ANISTIA: UMA VIAGEM NO TEMPO ENTRE 1979 E 2025 - QUANDO O PERDÃO VIRA ARMA NA MÃO DA CONVENIÊNCIA
POR TIAGO HÉLCIAS
A Memória é Curta, Mas o Arquivo é Vasto
Ah, a anistia! Essa palavrinha mágica que, dependendo da década, pode soar como um hino à liberdade ou como um tapa na cara da justiça.
No Brasil, o termo carrega uma carga histórica monumental. Em 1979, marcou a transição da ditadura militar para a abertura política; em 2025, volta aos holofotes como um fantasma incômodo nas discussões sobre os atos de 8 de janeiro de 2023.

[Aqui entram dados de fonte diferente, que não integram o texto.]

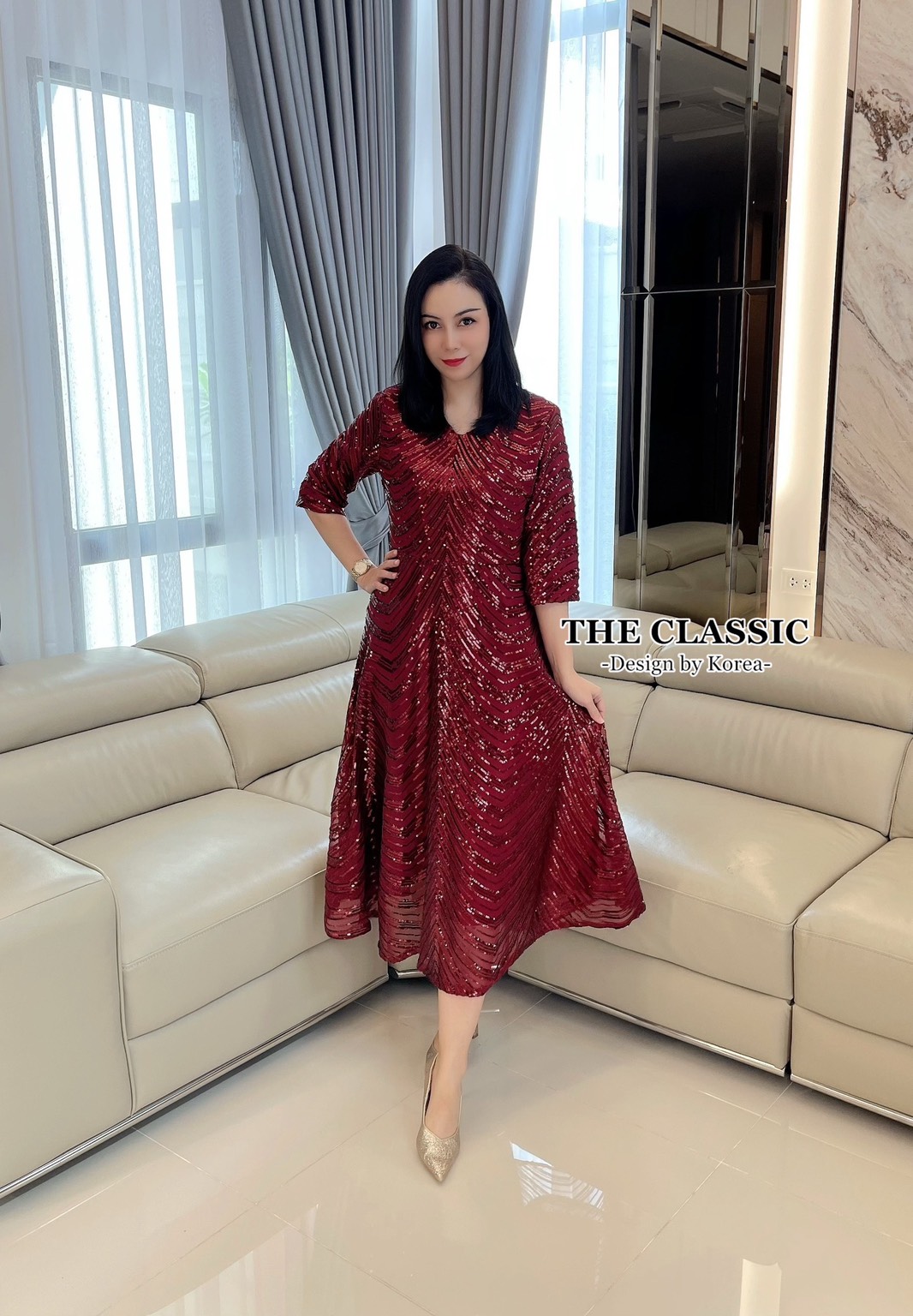 เดรสแฟชั่น ชุดเดรสออกงานปักเลื่อมใช้ผ้าเนื้อดีปักด้วยเลื่อมสีเงิน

O que proponho aqui é uma viagem no tempo: de um lado, a Lei da Anistia de 1979, o “grande perdão” que libertou presos políticos, trouxe exilados de volta e blindou militares de responsabilização; do outro, o debate atual, em que setores clamam por uma nova anistia para os envolvidos na “tentativa de golpe” contra as instituições democráticas. No meio, Lula, o camaleão da política brasileira, que já vestiu a camiseta “Anistia Já” e hoje ergue a bandeira do “Sem Perdão”.
A Anistia de 1979: O Grande Perdão da Ditadura (e Seus Detalhes Peculiares)
Em 28 de agosto de 1979, João Figueiredo, último presidente militar, sancionou a Lei nº 6.683 — a famosa Lei da Anistia. Oficialmente, seu objetivo era promover a “pacificação nacional”. Na prática, funcionou como um pacto: a oposição teria de volta seus exilados e presos políticos; os militares, por sua vez, ganhariam imunidade contra futuras acusações por tortura, assassinatos e desaparecimentos.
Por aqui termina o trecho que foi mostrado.